■ **Work to complete**:
Omit every picture and return the rest of the data unaltered.

■ **Given material**:
..........
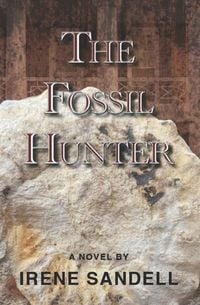 Produktbild: The Fossil Hunter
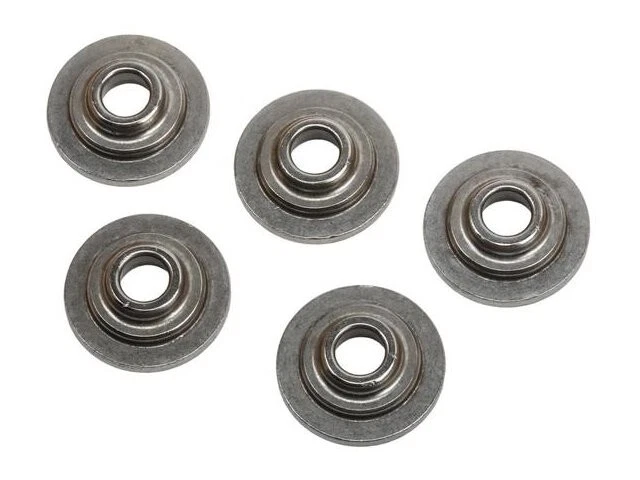 Valve Spring Retainer AC Delco 76TBHP43 for Hummer H3 2006 - Image 1 of 1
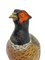 Viennese Bronze Pheasant, 1900, Image 4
..........
■ **Answer area**:
 Produktbild: The Fossil Hunter
 Valve Spring Retainer AC Delco 76TBHP43 for Hummer H3 2006 - Image 1 of 1
 Viennese Bronze Pheasant, 1900, Image 4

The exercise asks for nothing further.